EcoSta 2024: Start Registration
View Submission - EcoSta2024
A0514
Title: Word-level maximum mean discrepancy regularization for word embedding Authors:  Youqian Gao - The Chinese University of Hong Kong (Hong Kong) [presenting]
Ben Dai - The Chinese University of Hong Kong (China)
Abstract: The technique of word embedding is widely used in natural language processing (NLP) to represent words as numerical vectors in textual datasets. However, the estimation of word embedding may suffer from severe overfitting due to the huge variety of words. To address the issue, a novel regularization framework is proposed that recognizes and accounts for the "word-level distribution discrepancy", a common phenomenon in a range of NLP tasks where word distributions are noticeably disparate under different labels.
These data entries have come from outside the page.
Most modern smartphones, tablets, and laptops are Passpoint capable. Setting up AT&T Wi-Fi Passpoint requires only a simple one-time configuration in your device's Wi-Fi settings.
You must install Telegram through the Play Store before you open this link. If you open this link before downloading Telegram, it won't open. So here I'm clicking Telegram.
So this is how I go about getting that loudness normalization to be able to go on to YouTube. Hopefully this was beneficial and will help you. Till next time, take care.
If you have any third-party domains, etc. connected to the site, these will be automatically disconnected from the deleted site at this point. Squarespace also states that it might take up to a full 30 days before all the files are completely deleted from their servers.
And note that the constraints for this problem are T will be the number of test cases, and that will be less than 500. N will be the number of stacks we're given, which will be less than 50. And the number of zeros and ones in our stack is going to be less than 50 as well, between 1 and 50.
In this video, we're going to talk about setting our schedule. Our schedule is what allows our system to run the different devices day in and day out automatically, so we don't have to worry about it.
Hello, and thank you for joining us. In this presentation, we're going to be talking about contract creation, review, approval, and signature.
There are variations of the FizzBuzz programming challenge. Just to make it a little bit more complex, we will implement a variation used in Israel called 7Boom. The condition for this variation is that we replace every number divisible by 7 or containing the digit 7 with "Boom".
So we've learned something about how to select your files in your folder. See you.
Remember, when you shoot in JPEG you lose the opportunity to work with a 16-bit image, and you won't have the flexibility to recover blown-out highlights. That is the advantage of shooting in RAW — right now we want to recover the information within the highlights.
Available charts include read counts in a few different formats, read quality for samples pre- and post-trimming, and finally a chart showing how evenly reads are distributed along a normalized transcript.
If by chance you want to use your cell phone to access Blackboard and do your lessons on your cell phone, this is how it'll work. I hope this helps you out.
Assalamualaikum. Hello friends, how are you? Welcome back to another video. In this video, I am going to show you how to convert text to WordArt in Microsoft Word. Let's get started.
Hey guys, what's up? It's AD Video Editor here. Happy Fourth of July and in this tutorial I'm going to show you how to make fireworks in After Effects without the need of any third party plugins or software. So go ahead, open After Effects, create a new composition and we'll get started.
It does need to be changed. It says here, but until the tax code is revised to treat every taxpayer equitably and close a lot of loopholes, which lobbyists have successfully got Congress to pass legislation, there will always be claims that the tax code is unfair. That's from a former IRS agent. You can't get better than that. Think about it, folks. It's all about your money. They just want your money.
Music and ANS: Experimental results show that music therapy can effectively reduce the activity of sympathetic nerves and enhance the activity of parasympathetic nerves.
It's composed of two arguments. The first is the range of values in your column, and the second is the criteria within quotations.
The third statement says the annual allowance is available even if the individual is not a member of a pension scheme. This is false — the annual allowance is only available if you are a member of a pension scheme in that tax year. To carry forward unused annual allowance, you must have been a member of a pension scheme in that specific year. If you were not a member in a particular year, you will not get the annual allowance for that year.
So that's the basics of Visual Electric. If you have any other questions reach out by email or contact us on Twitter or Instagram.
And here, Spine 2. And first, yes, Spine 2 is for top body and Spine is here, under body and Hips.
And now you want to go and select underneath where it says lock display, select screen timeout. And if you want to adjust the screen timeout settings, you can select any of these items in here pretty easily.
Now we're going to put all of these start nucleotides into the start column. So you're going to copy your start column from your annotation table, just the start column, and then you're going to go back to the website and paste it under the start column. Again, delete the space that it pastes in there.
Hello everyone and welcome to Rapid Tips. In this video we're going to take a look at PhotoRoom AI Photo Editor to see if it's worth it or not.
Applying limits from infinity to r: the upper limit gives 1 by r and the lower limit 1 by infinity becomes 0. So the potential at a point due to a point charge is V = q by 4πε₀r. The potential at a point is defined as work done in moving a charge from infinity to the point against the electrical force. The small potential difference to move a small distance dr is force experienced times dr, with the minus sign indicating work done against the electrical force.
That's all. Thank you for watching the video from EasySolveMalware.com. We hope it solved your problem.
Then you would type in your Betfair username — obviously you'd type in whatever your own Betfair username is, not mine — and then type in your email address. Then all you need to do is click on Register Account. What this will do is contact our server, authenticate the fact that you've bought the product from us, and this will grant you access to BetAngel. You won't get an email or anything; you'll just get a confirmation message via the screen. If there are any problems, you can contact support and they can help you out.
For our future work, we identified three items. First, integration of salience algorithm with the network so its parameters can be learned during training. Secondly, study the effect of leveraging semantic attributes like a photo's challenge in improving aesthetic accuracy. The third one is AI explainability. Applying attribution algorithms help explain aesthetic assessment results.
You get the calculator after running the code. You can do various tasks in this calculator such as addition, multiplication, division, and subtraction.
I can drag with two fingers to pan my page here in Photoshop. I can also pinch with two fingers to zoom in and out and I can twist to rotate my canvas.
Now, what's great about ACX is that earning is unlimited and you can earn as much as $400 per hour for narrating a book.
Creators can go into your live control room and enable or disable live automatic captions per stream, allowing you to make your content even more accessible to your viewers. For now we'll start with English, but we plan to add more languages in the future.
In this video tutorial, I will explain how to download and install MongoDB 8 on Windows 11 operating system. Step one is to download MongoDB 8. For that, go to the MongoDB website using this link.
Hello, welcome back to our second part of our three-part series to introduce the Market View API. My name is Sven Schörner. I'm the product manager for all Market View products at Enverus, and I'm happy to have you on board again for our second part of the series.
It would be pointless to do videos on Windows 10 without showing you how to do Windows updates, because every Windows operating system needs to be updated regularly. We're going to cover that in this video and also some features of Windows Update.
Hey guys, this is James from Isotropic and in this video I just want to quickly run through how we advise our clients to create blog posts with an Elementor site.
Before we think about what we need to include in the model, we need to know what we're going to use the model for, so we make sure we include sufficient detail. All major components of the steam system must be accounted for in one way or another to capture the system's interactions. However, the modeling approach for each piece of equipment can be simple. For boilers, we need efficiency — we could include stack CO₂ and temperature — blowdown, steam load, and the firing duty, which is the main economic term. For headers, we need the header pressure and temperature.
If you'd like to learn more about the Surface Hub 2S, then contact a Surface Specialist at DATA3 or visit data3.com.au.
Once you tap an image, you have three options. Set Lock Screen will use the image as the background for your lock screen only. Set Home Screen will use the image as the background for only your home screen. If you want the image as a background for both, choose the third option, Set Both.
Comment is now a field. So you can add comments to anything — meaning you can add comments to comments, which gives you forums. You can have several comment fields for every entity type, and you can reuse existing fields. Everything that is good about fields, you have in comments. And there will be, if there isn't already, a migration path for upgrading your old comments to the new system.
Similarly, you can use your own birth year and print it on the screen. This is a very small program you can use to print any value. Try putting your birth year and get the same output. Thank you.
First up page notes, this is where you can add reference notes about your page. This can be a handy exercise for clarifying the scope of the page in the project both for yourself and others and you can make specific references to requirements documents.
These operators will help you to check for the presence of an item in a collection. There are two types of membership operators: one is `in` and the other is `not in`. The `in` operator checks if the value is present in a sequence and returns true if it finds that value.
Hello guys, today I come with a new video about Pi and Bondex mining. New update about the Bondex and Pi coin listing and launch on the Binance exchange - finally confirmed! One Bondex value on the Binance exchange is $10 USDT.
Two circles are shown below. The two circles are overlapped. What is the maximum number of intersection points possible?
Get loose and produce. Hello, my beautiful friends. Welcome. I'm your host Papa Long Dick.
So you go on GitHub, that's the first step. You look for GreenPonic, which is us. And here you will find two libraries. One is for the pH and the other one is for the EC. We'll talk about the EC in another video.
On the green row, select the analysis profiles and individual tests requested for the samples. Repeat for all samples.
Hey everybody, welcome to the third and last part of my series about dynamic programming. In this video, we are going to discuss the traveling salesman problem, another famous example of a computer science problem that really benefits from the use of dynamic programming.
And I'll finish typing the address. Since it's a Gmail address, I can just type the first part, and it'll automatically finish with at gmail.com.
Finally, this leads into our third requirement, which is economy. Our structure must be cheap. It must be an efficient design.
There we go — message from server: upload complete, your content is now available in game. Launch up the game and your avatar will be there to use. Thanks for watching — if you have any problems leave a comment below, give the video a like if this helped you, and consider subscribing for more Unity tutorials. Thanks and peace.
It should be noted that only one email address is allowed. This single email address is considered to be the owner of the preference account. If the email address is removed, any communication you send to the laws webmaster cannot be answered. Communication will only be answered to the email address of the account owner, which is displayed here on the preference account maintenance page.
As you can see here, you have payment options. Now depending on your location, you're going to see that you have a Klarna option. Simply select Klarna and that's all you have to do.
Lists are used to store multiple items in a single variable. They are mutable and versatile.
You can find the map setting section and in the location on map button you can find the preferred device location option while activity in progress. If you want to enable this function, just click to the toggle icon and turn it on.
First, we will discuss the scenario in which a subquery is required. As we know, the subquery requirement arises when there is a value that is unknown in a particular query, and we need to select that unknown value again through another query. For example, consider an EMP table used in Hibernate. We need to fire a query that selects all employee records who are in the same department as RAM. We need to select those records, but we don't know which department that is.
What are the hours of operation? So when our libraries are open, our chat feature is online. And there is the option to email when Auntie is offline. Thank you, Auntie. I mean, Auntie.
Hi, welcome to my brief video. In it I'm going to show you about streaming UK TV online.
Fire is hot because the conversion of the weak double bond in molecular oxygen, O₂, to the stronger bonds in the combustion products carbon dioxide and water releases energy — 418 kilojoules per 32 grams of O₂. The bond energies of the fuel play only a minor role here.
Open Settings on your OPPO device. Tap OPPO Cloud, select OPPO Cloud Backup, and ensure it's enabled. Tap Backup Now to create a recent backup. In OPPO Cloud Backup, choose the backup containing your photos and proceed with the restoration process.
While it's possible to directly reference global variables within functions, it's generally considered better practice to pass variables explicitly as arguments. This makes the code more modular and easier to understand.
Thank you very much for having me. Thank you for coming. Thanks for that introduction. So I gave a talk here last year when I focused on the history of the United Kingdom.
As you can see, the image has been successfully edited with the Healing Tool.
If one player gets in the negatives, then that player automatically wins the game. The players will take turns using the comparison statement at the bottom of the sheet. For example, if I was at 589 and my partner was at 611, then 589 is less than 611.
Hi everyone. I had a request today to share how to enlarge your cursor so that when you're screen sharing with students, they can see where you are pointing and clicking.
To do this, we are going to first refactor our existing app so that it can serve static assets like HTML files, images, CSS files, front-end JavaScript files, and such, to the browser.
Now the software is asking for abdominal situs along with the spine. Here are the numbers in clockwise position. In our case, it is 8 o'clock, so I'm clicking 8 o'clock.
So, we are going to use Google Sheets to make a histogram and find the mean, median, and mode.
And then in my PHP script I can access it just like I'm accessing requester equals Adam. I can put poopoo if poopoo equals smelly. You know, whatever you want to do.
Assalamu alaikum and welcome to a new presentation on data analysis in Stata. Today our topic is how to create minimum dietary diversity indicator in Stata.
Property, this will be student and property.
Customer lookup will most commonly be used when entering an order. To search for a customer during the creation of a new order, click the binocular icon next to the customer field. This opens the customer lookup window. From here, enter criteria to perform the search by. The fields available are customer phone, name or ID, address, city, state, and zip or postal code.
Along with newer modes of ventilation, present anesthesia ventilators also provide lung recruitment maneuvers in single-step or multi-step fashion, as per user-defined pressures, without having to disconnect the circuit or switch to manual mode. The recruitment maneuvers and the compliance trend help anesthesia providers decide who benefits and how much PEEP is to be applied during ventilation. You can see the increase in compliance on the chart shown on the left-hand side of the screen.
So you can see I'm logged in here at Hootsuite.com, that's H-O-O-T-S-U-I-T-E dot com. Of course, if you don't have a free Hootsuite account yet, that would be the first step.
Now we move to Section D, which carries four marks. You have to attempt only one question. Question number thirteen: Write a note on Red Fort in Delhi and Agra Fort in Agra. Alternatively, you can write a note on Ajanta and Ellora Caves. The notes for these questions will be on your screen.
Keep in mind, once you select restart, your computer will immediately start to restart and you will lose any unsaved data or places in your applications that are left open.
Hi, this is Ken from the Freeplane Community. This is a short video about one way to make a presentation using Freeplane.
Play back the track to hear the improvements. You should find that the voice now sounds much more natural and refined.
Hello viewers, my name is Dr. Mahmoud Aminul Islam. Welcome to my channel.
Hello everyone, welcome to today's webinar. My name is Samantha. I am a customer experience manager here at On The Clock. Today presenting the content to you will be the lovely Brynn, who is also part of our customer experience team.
The proposed regularization, referred to as word-level MMD (wMMD), is a variant of maximum mean discrepancy (MMD) that serves a specific purpose: to enhance/preserve the distribution discrepancies within word embedding numerical vectors and thus prevent overfitting. The theoretical analysis illustrates that wMMD can effectively operate as a dimension-reduction technique of word embedding, thereby significantly improving the robustness and generalization of NLP models. The numerical effectiveness of wMMD is demonstrated in various simulated examples, such as Chile Earthquake T1 and BBC News datasets with state-of-the-art NLP deep learning architectures.